■ TASK OBJECTIVE:
Pictures are to be left out. Return exactly the lines below from the one with "Audi e-tron S quattro" up to and including the one with "Believe 2 - Dark".
(Beginning of INFORMATION SUPPLIED)
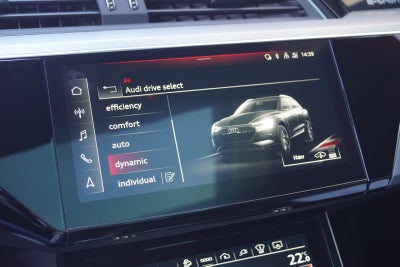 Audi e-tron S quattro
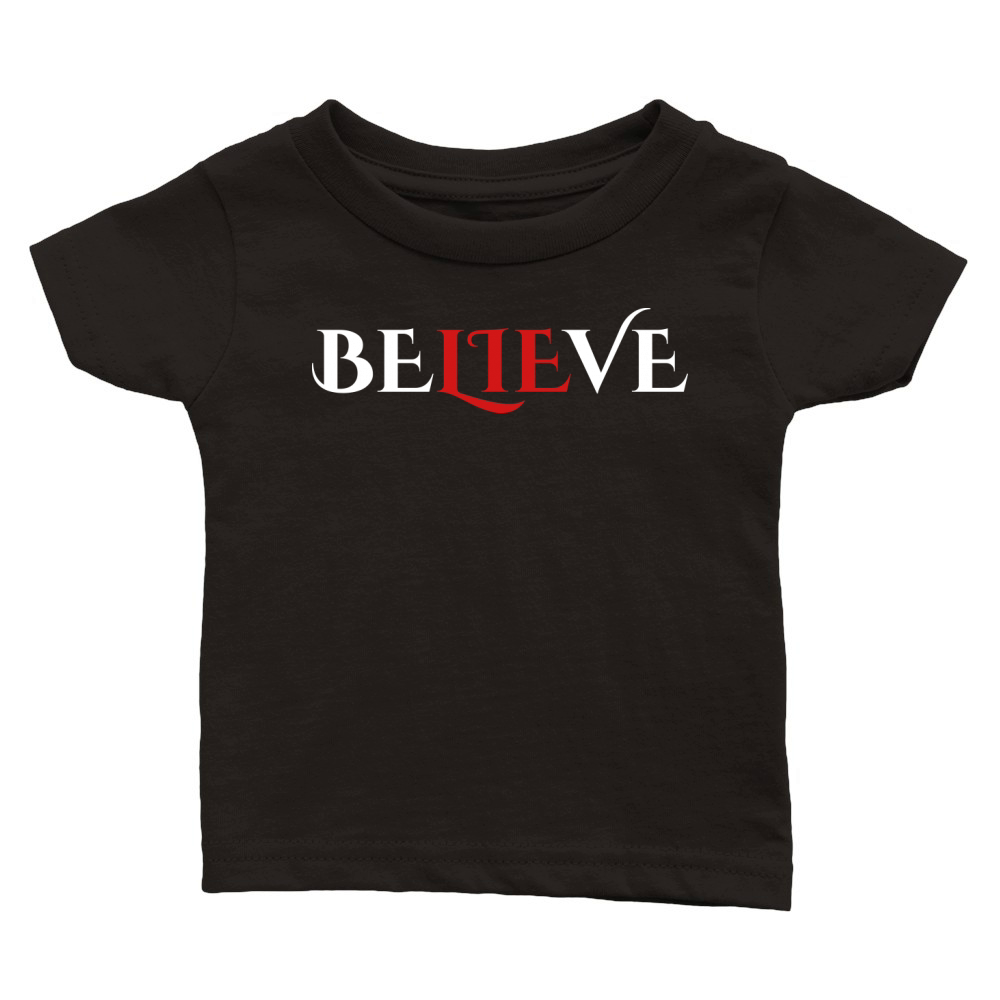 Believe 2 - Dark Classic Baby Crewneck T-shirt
(End of INFORMATION SUPPLIED)
(Beginning of INFORMATION SUPPLIED)
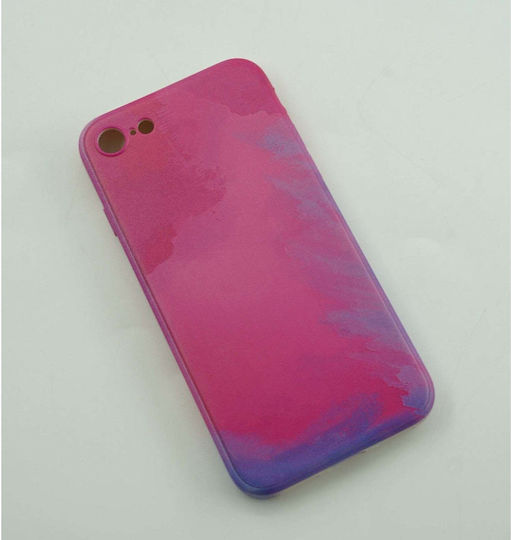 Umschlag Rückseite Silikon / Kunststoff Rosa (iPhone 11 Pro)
(End of INFORMATION SUPPLIED)
■ SOLUTION TO THIS EXERCISE:
 Audi e-tron S quattro
 Believe 2 - Dark Classic Baby Crewneck T-shirt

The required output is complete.